This will be very interesting.
There are a LOT of people for development, and a LOT of people for a scaled-down alternative approach.

Either way, it's pretty clear the topography is going to change.

I hope to attend the meeting and film it, as I do most meeting I'm able to attend... if they're not blocked.

I encourage interested readers of this blog to attend, if at all possible.

monkeyrotica on Apr 20, 2007, 8:05:00 AM said...

Up to 40% of the planned 1,700 residential units would be made affordable and available to DC employees,

Um, yeah, right. If the past is any indicator, once construction starts, that 40% will be whittled down to 15%. Once construction is finished, that 15% becomes 5% with the definition of "affordable" being raised to "anyone making less than $150k a year."

This is pure marketing nonsense. Show me an economically viable urban development where 40% is setaside for affordable housing and the place isn't a Great Society era housing project.

Anonymous said...

monkey's on the money.

but that's the way it goes.

they have to say that to get the city to cooperate.

but look at it this way:

right now there is 0% affordable housing on that site. :o)

Anonymous said...

Some of you are dismissing to quickly that 40 percent of the planned 1,700 residential units would be made available to DC residents.

DC is a partner in this development, so DC has more say in what happens than you are giving them credit for.
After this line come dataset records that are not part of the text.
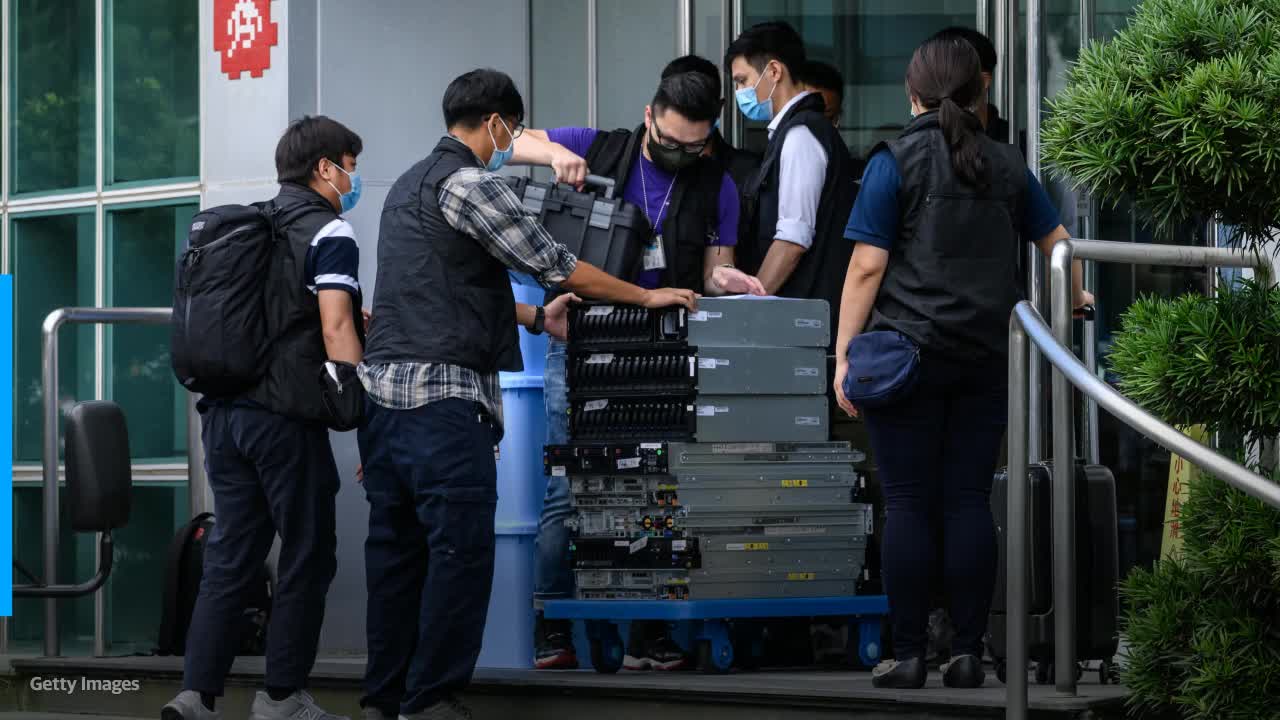 60d30ca38346ba25ea68b9cf o U v2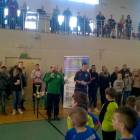 zdjęcie nr 13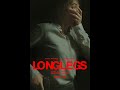 Longlegs 2024 Full Movie Starring Maika Monroe Nicolas Cage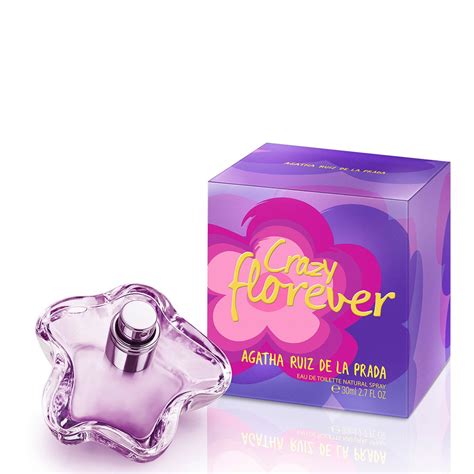 agatha ruiz dela prada perfume rosado precio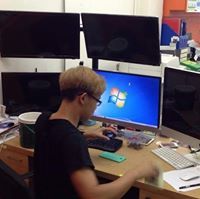 สุภัค บุญเผ่า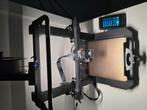 Creality 3D printer Ender 3 S1 pro versie, Computers en Software, 3D Printers, Ophalen, Zo goed als nieuw, Creality Ender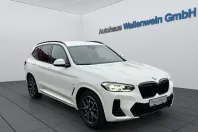 BMW X3 din 2024 cu 40.700 km - oferta BMW176699 - foto 8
There are numerous projects around the city where DC has partnered with a developer to increase the amount of affordable units in those projects.
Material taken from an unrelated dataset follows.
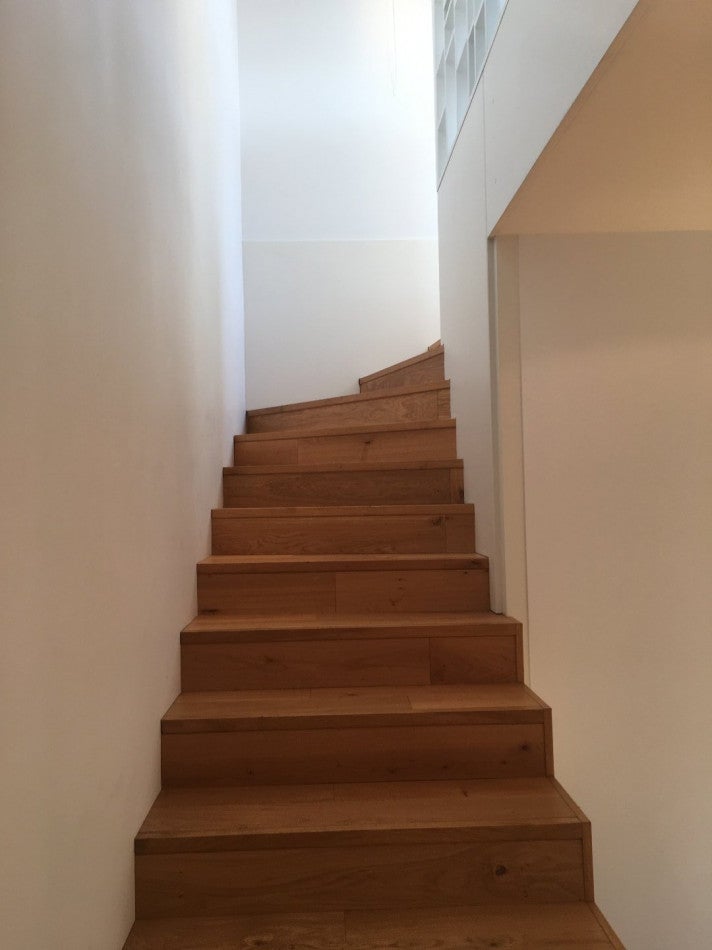 Appartement Rue Jules Dalou à Toulouse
DC has financed the construction of almost 15,000 units of affordable and workforce housing throughout the city since 1999.

Anonymous said...


Some of you are dismissing to quickly that 40 percent of the planned 1,700 residential units would be made available to DC employees

Ken on Apr 21, 2007, 8:58:00 PM said...

I hate to be contrarian, but if DC decides it will happen, it will happen. 40% is a high number, but the District routinely mandates that developers subsidize 20% of the purchasers - or rather the rest of us subsidize 20% of us - all around the city. CityVista, Highland Park, Park Place, and many others are examples (20% each) of the city forcing private housing providers to solve the city's social problems at their expense, and then people ask why costs on the rest of the units are so high. Someone has to pay for that.

Cambel on Mar 27, 2008, 2:12:00 PM said...

Right now the area is run down, falling apart and dangerous at night. A new viable neighborhood would be a fantastic addition.